OpenRouter themselves recently published their own analysis which came to a similar conclusion, which they call the “Glass Slipper effect” in a nod to Cinderella:
The hypothesis posits that in a rapidly evolving AI ecosystem, there exists a latent distribution of high-value workloads that remain unsolved across successive model generations. Each new frontier model is effectively “tried on” against these open problems. When a newly released model happens to match a previously unmet technical and economic constraint, it achieves the precise fit — the metaphorical “glass slipper.”
For the developers or organizations whose workloads finally “fit,” this alignment creates strong lock-in effects. Their systems, data pipelines, and user experiences become anchored to the model that solved their problem first – State of AI: An Empirical 100 Trillion Token Study with OpenRouter
In the LLM market, it’s a competition to be someone’s #1 pick, and there’s no prize for 2nd place.
Genius is not homogenous
The LLM market presents a puzzle: massive price dispersion at equivalent measured intelligence, persistent market share gaps between closed and open source models despite premium pricing, concentrated usage patterns at the user level despite a panoply of options.

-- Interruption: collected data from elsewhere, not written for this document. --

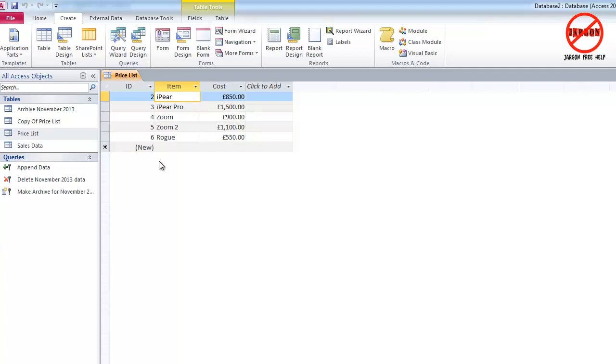Here I'm going to look at the update query, which can be used for a number of different things. In some ways it can be a bit like a find and replace. Let's say for example I've got an item here called 'the rogue' and I'm going to change it to a new name, 'the scoundrel'. If we've got a whole load of entries in our database, we could use the update query to go through, find all the rogue ones and change it.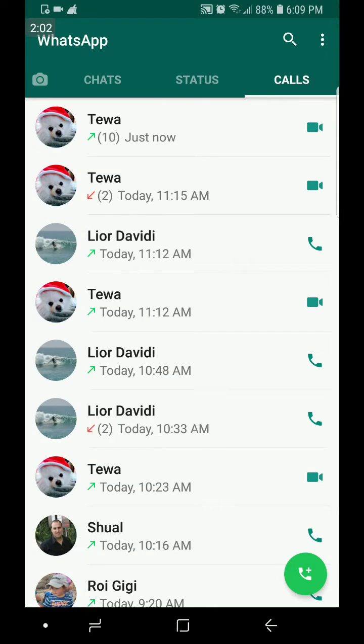In this case, this person has an old version of WhatsApp so it's not allowing me, so I'm going to try to add somebody else.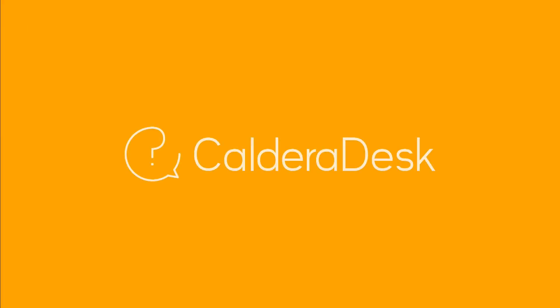If you need any help with our software, be sure to visit our Caldera Desk Knowledge Center.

Old school asset pricing models failed because they assumed homogenous investor preferences. In the famous CAPM model, everyone holds (or at least should hold) the market portfolio. In reality, investors have wildly divergent preferences that show up as latent demand.
Similarly, the obsession with model benchmarks assumes homogenous user preference for intelligence over all else. But in fact users have varying preferences that benchmarks don’t and can’t reflect.
So what are the implications? Here’s a crack at a few:
Models aren't commodities (yet): It seems many users are willing to pay a premium for quality, capabilities, or stability. Differentiation is possible, and the inordinate influence of latent demand reflects that
Moats aren't about weights: Defensibility may be less about locking down model weights and more about trust, safety posture, and other intangibles
Benchmarks measure what's measurable: We’re measuring what’s easy to measure, not always what matters. Most of what drives relative LLM adoption lives in dimensions that are hard to quantify. Benchmark-maxxing isn’t everything.
The benchmark obsession is understandable. Numbers are legible. Rankings are simple.